INFORMATION PROVIDED.
=== Section Start ===

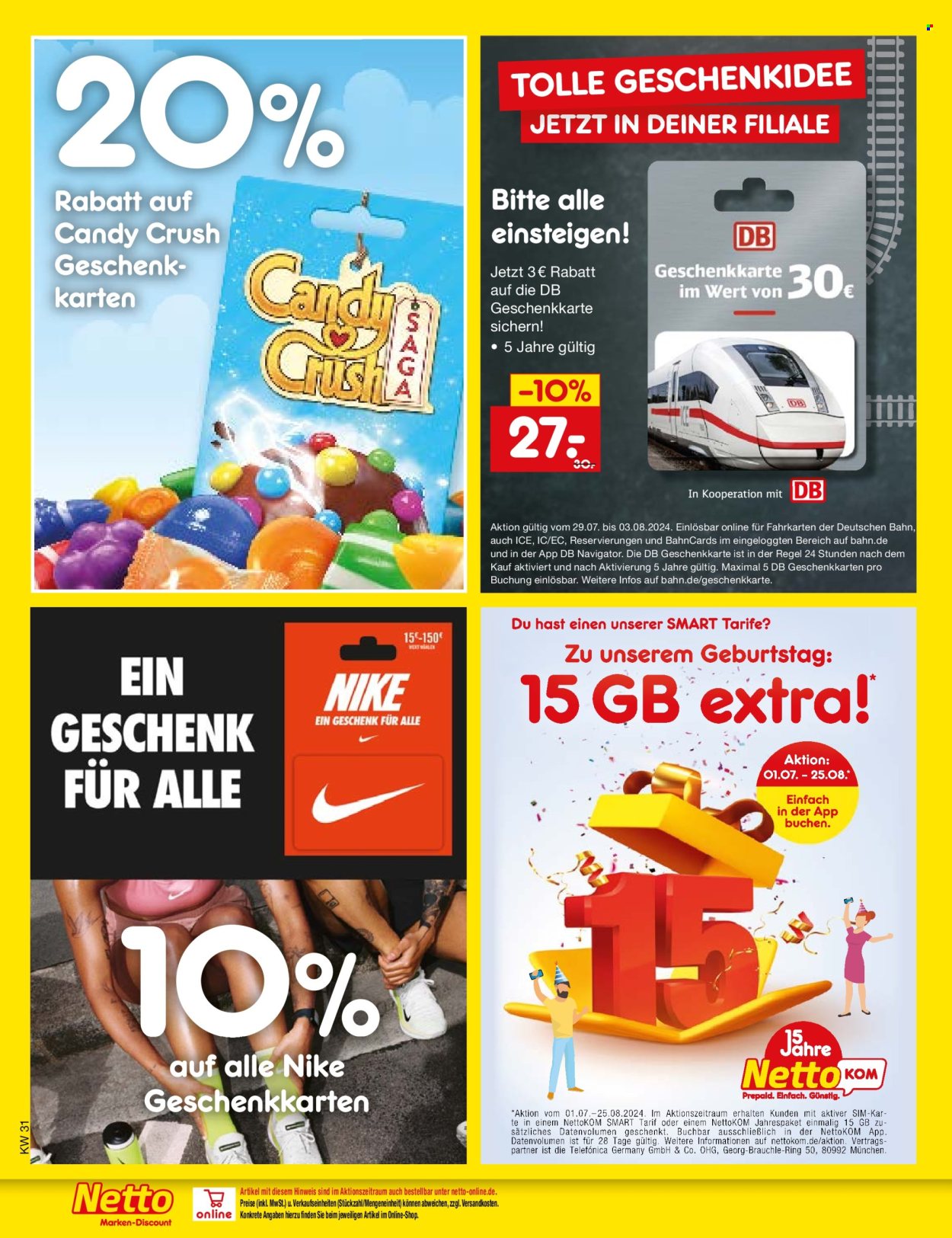 Netto Marken-Discount Prospekte  - 29.07.2024 - 3.08.2024. Seite 54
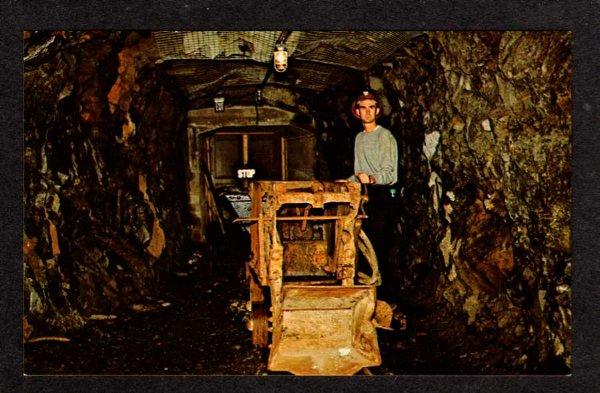 ON Model Mine Mining SUDBURY ONTARIO CANADA Postcard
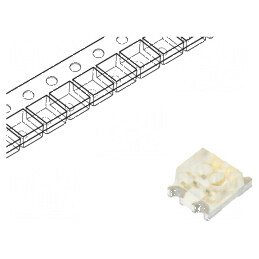 LED SMD 3025 roșie/verde 80-150mcd, 500-1000mcd 3x2.5x1.4mm pentru iluminat decorativ | Electronic-mag.ro | Componente Electroni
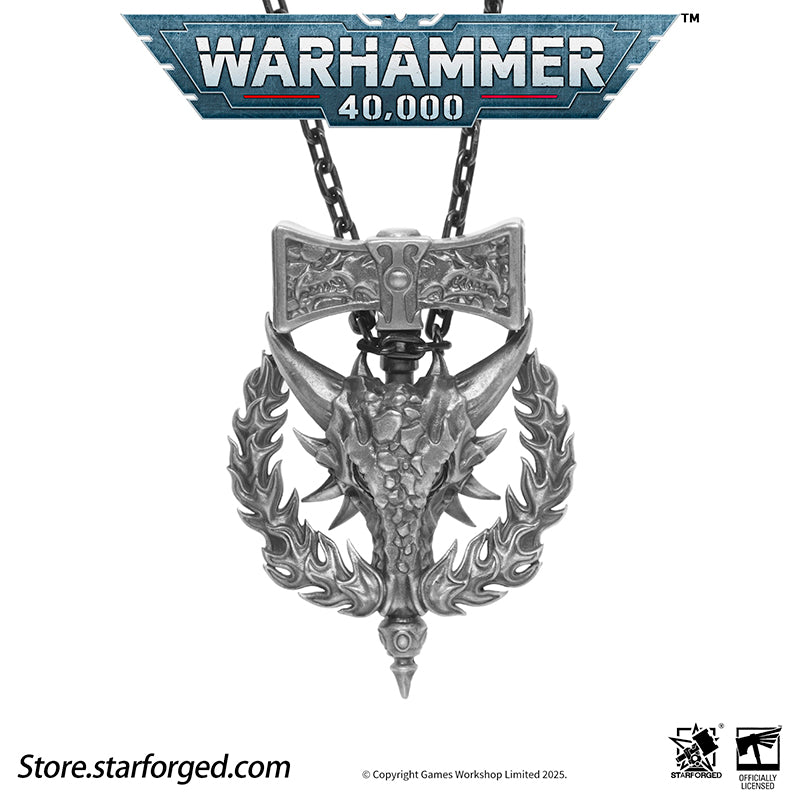 Starforged Warhammer 40K Dawnbringer Salamanders Necklace Pendant Men's Jewelry Birthday Gift - Image 17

=== Section End ===

WHAT THE EXERCISE ASKS.
Nothing but the pictures should be left out when the listing above is transcribed.

RESULT FOR THIS TASK.
 Netto Marken-Discount Prospekte  - 29.07.2024 - 3.08.2024. Seite 54
 ON Model Mine Mining SUDBURY ONTARIO CANADA Postcard
 LED SMD 3025 roșie/verde 80-150mcd, 500-1000mcd 3x2.5x1.4mm pentru iluminat decorativ | Electronic-mag.ro | Componente Electroni
 Starforged Warhammer 40K Dawnbringer Salamanders Necklace Pendant Men's Jewelry Birthday Gift - Image 17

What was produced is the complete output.